PROBLEM DETAILS — Without the pictures, extract every line from the start of the material to the line containing "Brandenburgs Ministerpräsident Dietmar", both ends included.

DATA SUPPLIED Block Start

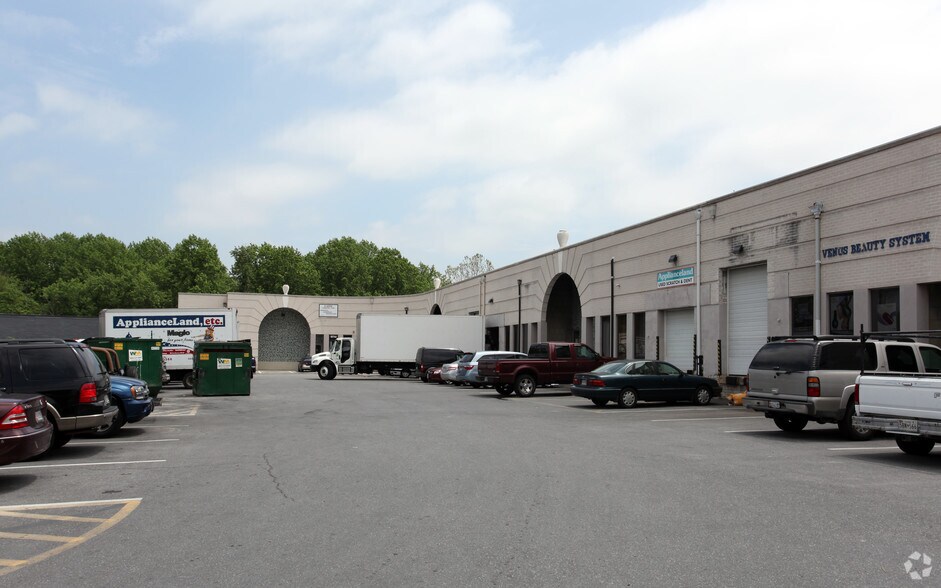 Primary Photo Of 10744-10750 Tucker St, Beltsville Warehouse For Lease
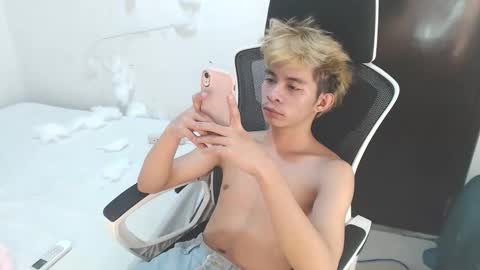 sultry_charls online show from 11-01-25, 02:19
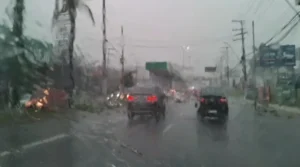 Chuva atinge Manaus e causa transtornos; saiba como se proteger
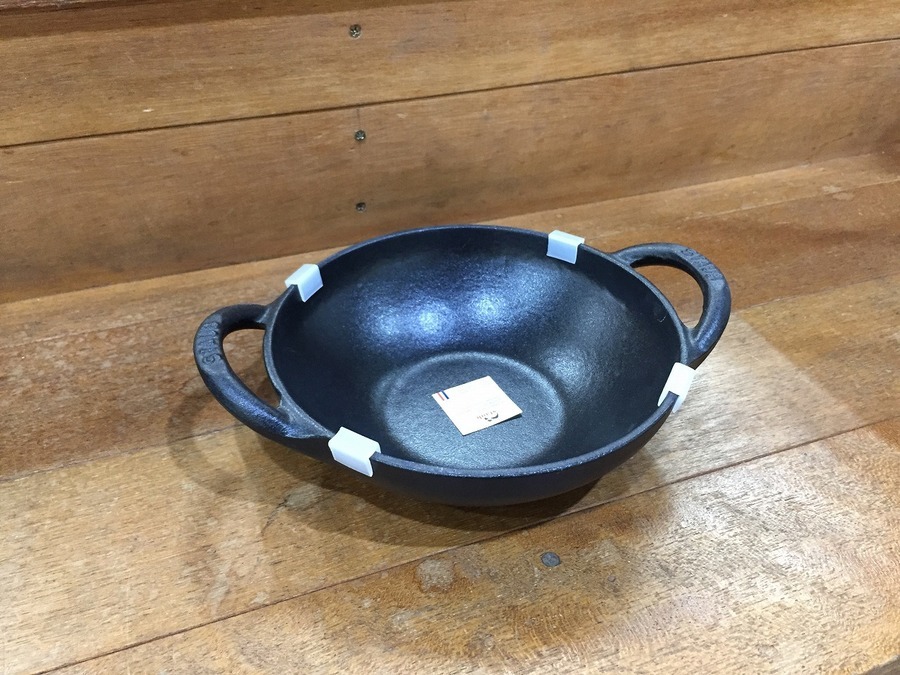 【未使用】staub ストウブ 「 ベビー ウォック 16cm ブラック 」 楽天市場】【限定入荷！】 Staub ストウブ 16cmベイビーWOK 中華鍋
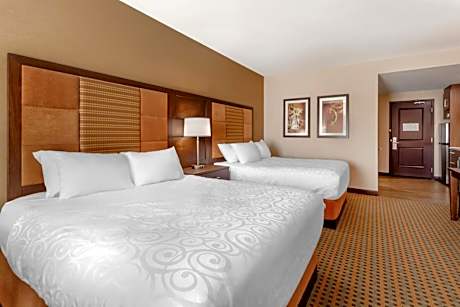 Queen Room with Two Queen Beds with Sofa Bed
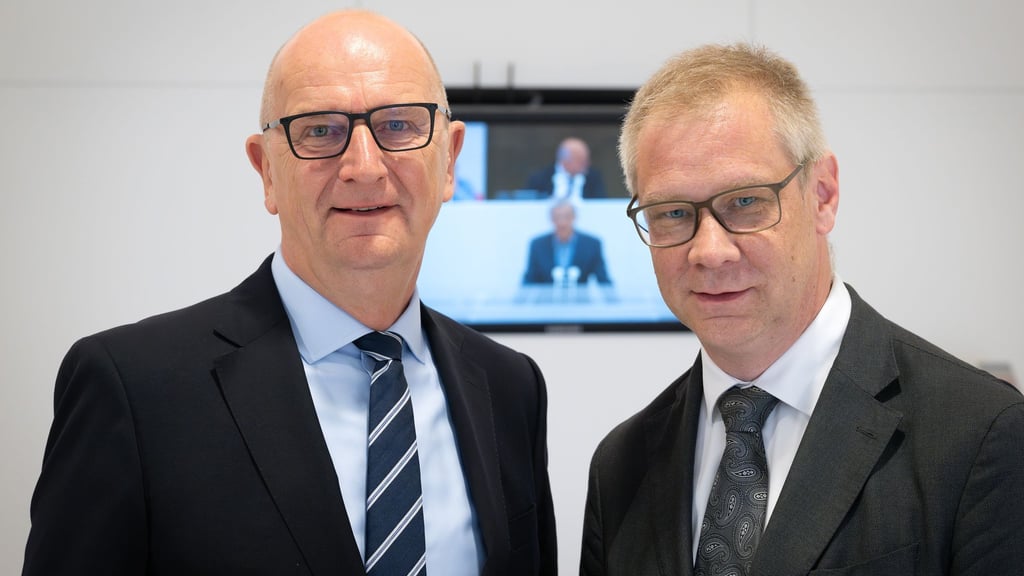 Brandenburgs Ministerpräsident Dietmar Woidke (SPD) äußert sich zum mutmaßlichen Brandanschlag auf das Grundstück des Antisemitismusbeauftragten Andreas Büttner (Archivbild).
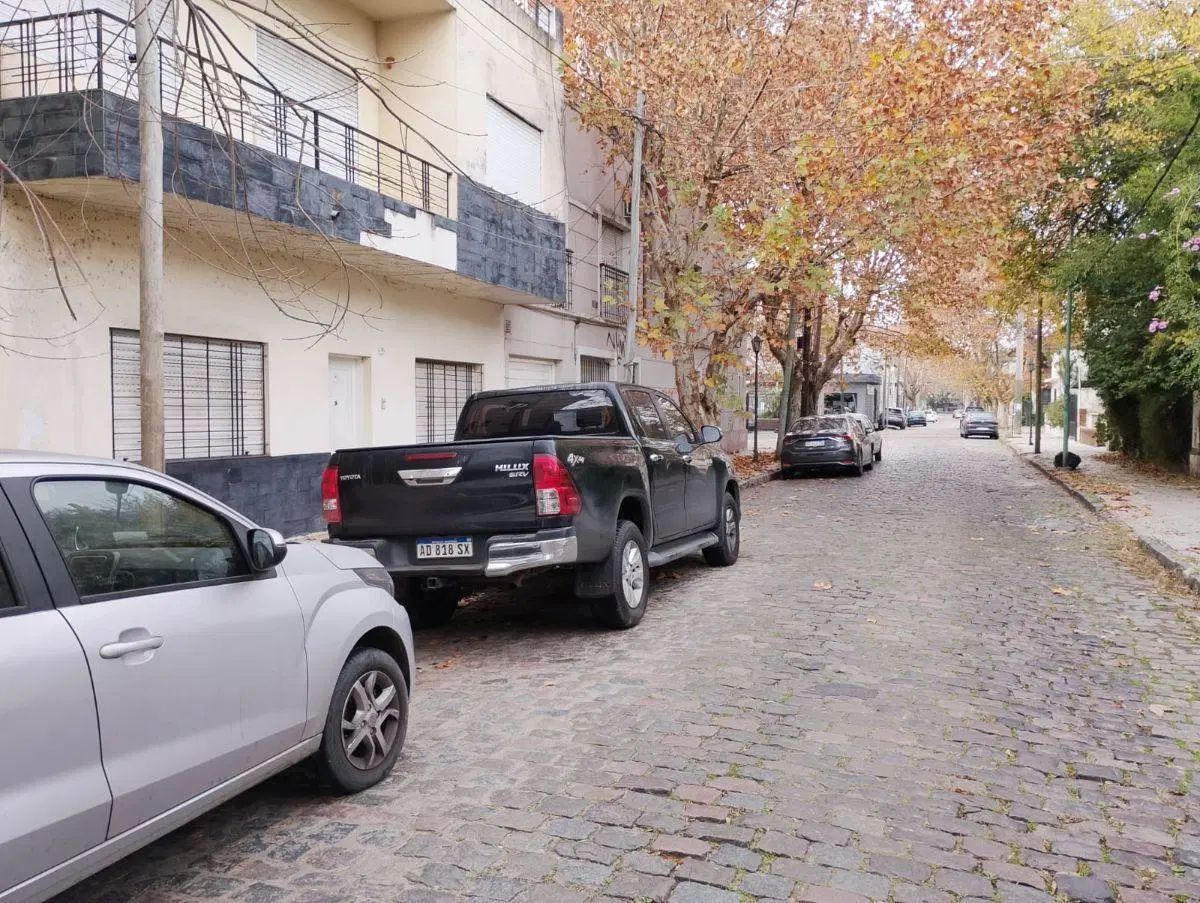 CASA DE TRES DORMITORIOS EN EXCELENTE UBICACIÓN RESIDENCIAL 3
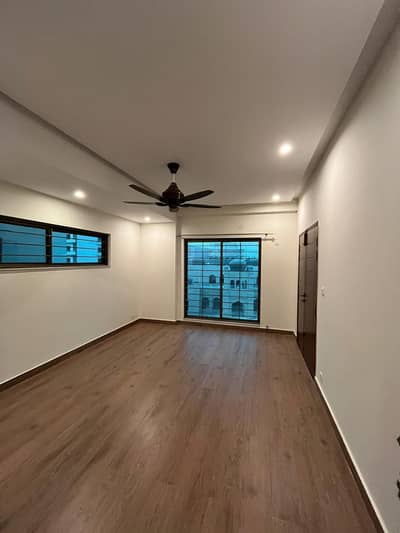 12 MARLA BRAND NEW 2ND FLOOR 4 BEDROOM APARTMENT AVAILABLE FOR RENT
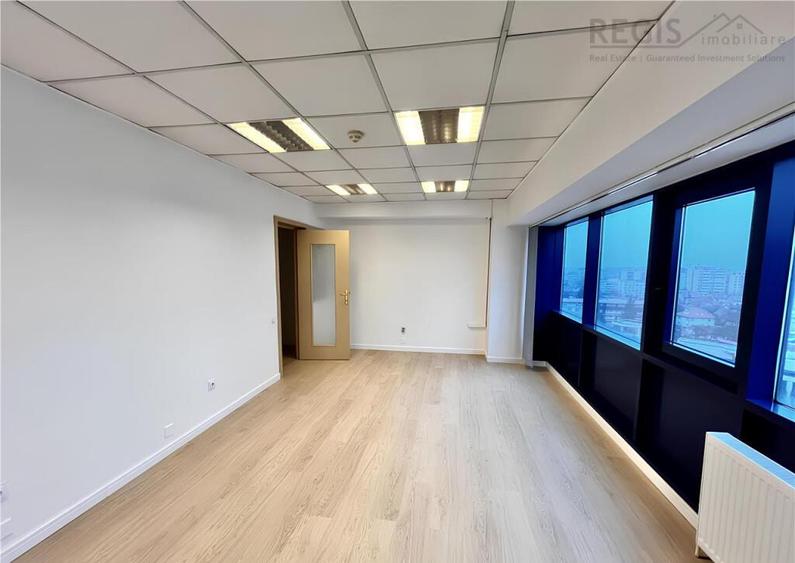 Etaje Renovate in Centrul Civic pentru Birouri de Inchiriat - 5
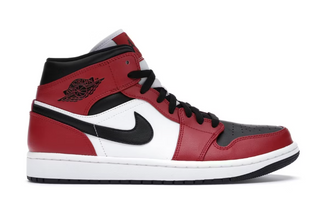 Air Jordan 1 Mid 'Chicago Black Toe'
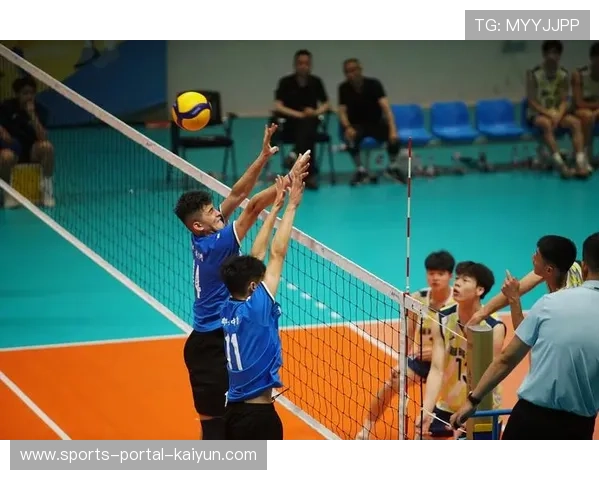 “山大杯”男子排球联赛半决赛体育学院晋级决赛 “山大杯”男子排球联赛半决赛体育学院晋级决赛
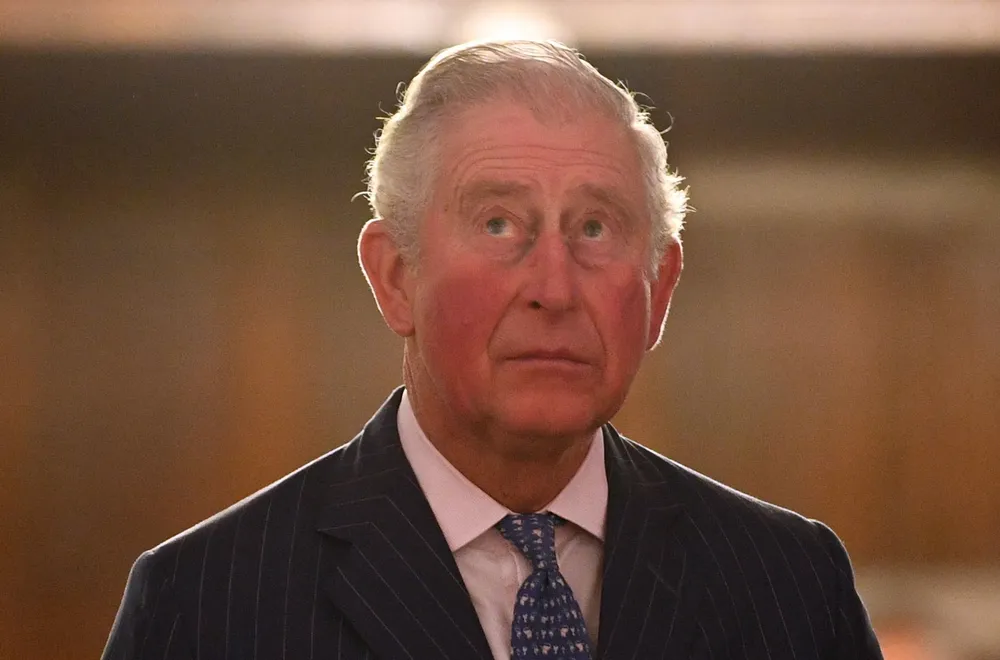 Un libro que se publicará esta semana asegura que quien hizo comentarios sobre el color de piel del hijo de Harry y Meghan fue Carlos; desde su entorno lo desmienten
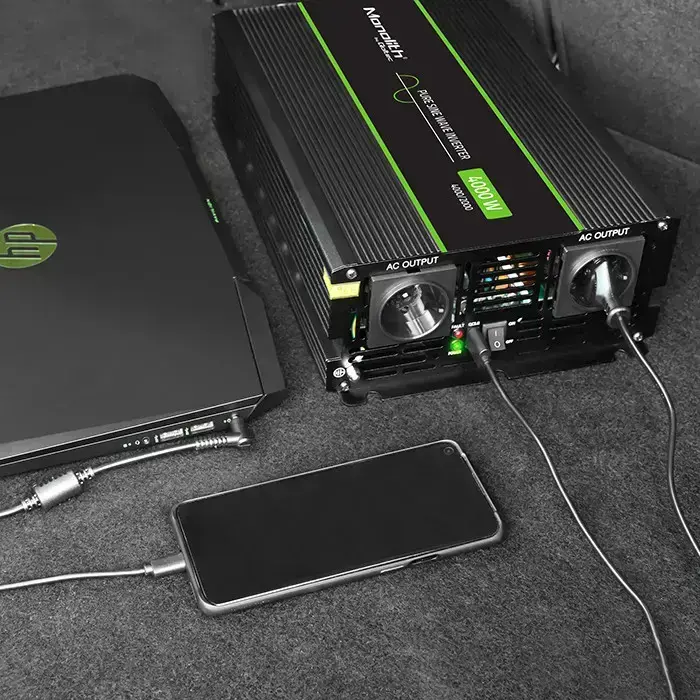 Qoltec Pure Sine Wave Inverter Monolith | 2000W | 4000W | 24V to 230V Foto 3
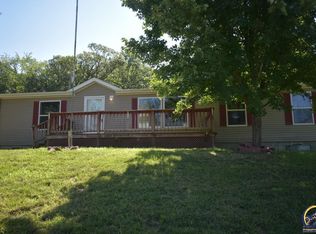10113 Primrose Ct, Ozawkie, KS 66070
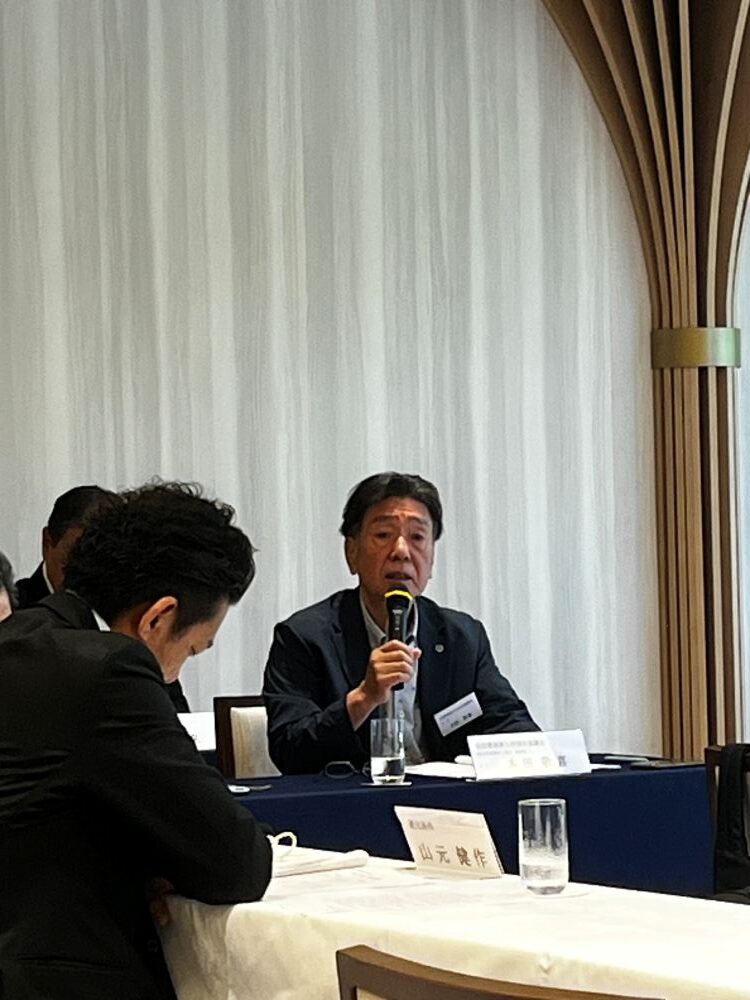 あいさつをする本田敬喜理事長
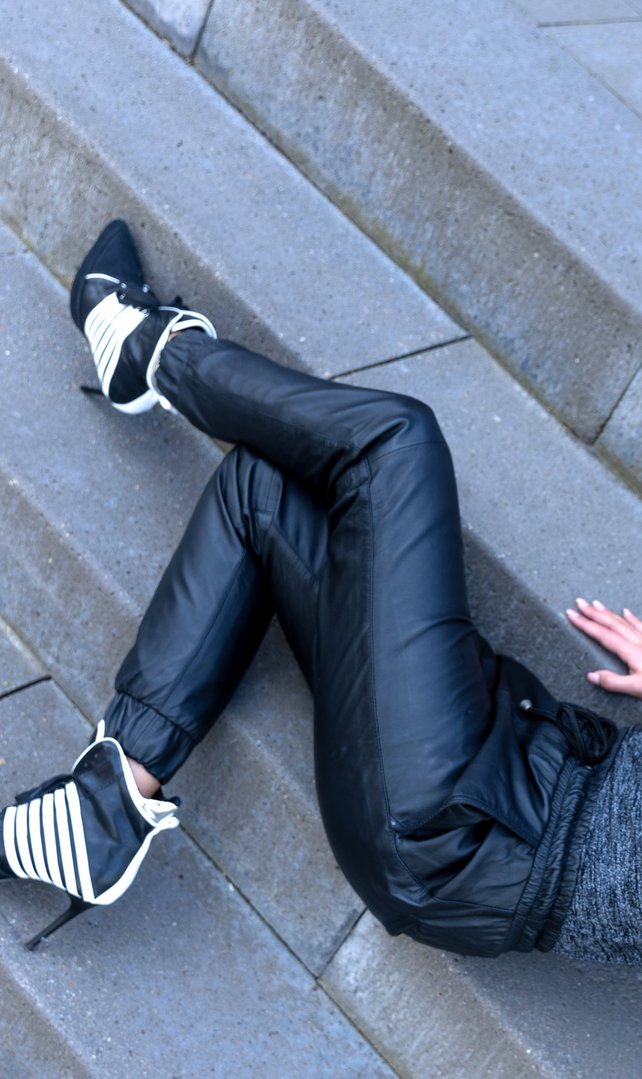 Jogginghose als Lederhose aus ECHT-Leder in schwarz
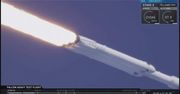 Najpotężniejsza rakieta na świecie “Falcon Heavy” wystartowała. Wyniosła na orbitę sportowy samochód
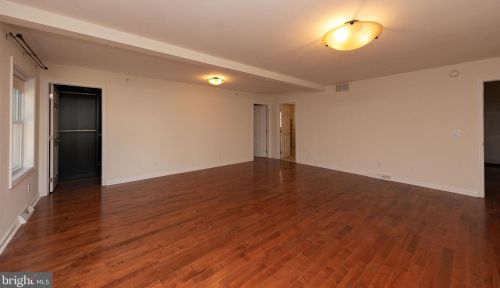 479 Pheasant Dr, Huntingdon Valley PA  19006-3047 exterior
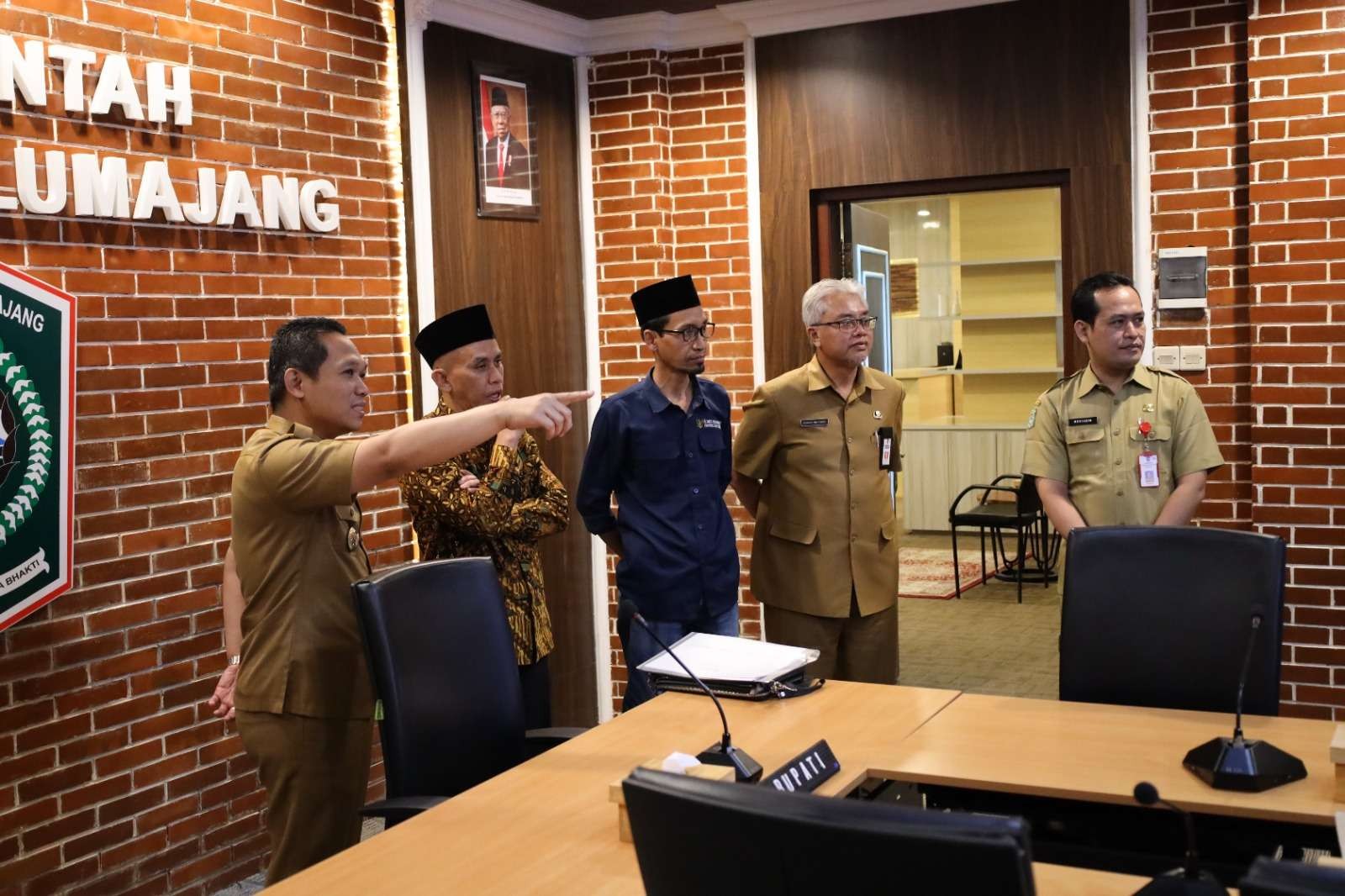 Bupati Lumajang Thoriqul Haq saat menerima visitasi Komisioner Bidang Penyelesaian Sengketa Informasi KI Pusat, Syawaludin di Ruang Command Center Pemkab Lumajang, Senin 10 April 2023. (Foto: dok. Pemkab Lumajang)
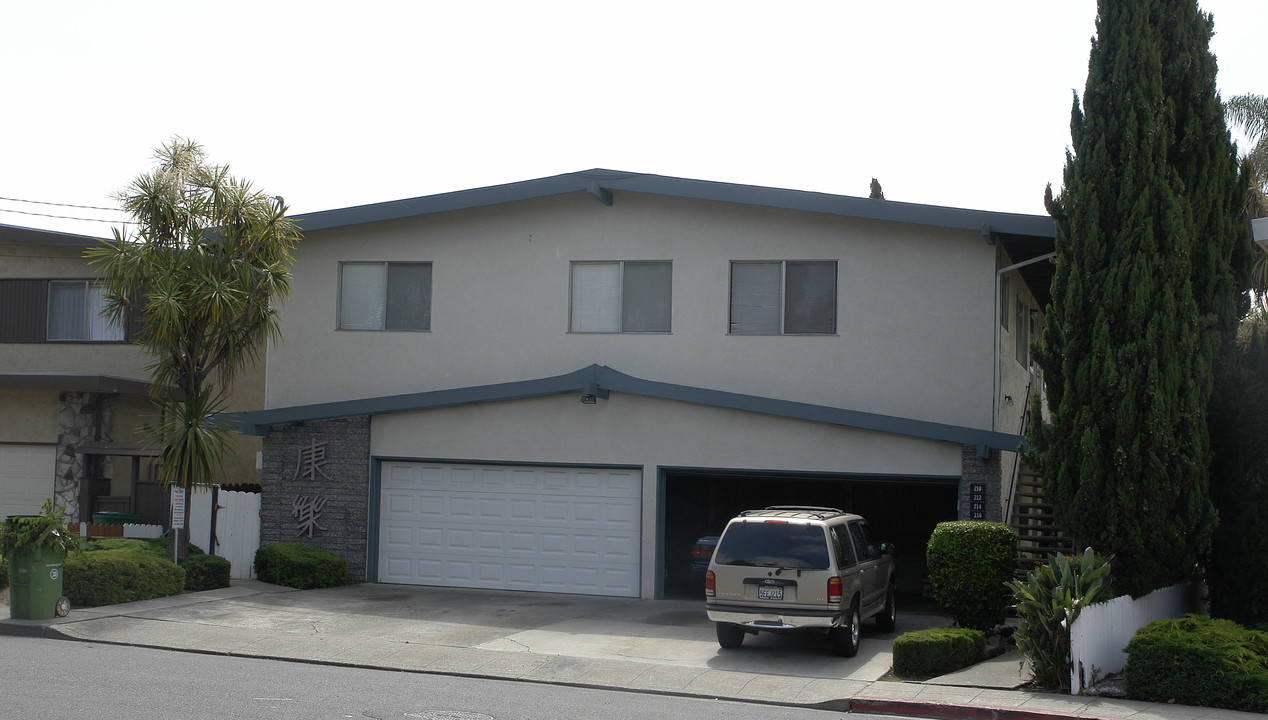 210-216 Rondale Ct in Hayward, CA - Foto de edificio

DATA SUPPLIED Block End

SOLUTION TO THIS TASK —
 Primary Photo Of 10744-10750 Tucker St, Beltsville Warehouse For Lease
 sultry_charls online show from 11-01-25, 02:19
 Chuva atinge Manaus e causa transtornos; saiba como se proteger
 【未使用】staub ストウブ 「 ベビー ウォック 16cm ブラック 」 楽天市場】【限定入荷！】 Staub ストウブ 16cmベイビーWOK 中華鍋
 Queen Room with Two Queen Beds with Sofa Bed
 Brandenburgs Ministerpräsident Dietmar Woidke (SPD) äußert sich zum mutmaßlichen Brandanschlag auf das Grundstück des Antisemitismusbeauftragten Andreas Büttner (Archivbild).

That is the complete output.